N. Korea Accuses S. Korea President of 'Moral Vulgarity'
North Korea accused South Korean President Park Geun-Hye of "moral vulgarity" Wednesday after she suggested she was ready to hold a summit with its leader Kim Jong-Un at any time.
The North's Committee for the Peaceful Reunification of Korea accused Park of talking about a summit with Kim while making provocative remarks against Pyongyang.
"Park's remark about 'summit talks' does not deserve even a passing note and is just a last resort to tide over the political crisis inside and outside," the state body said in a statement.
The statement, carried by the North's official news agency, was a response to Park's comments in an interview published last week by the French daily Le Figaro.
Park said she was willing to hold a summit with Kim at any time if it were necessary to improve cross-border relations and promote peace on the Korean peninsula.
But her senior press secretary, Lee Jung-Hyun, cautioned against reading too much into her comment, calling it "an answer in principle.”
Park visited Paris on Saturday, the first leg of her three-nation trip that would also bring her to Britain and Belgium.
The North's committee denounced Park's remark as "ridiculous sophism that will work on nobody.”
"Her coarse outpourings against the North while saying she is set to have a 'summit' at any time prove that she has no stand to have 'summit talks' and show her moral vulgarity and impertinence bereft of common sense," it said.

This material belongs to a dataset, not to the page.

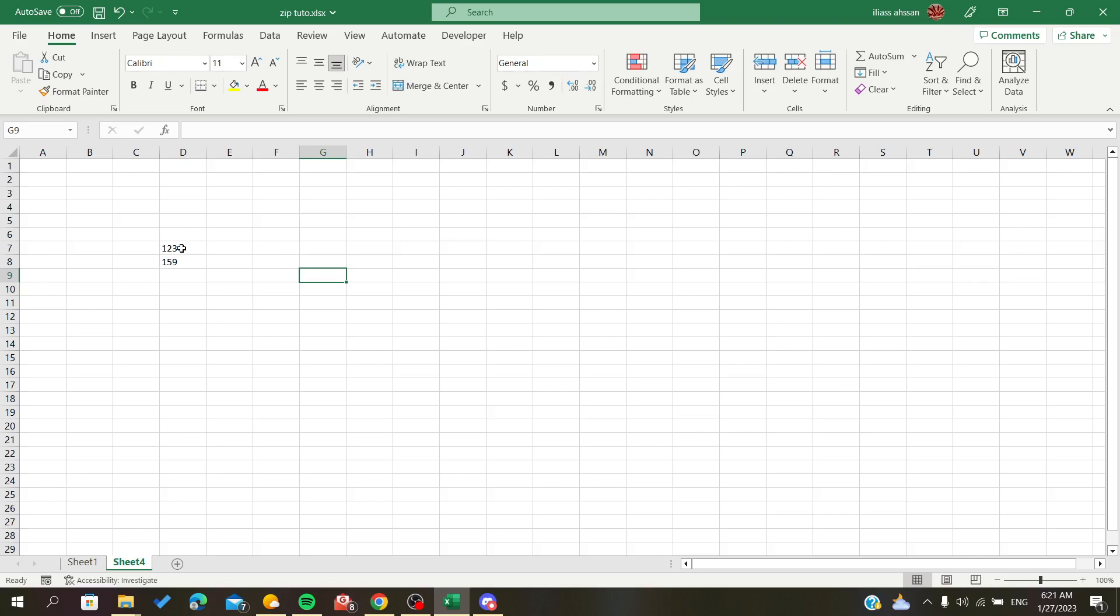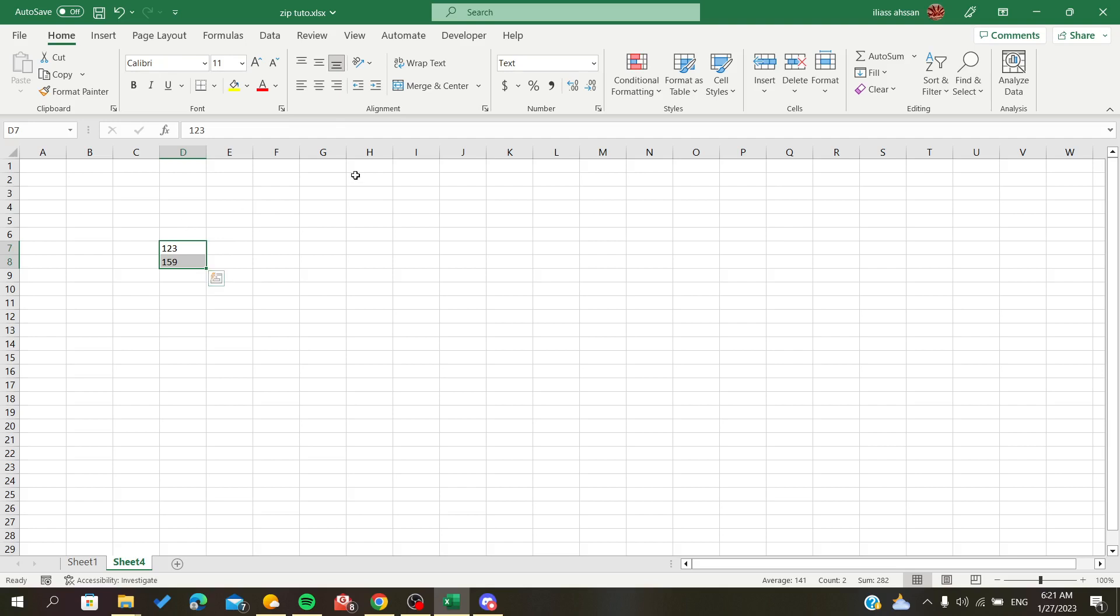There are two ways to convert text to numbers in Excel. The first method is by using special paste, so let's copy these values.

"(North Korea) will never pardon those who dare insult and make a fool of the dignity of its supreme leadership under the signboard of 'summit talks'," it said.
The committee urged Park to halt "provocative words and acts,” and to have "good manners" if she sincerely hopes to meet with Kim.
Military tensions, which soared following the North's nuclear test in February, appeared to enter a rapprochement stage that saw the two rivals agree to reopen their joint industrial park in the North Korean border city of Kaesong.
The mood quickly soured again when Pyongyang cancelled a scheduled reunion last month for family members separated by the Korean War.
South Korean army chief Kwon Oh-Sung told a forum Wednesday that Kim could make a provocative move in an attempt to take a strategic initiative in stagnant relations with Seoul.
"There is a very high chance of provocation by North Korea's Kim Jong-Un regime to turn the tide and take the lead in inter-Korean relations," he said.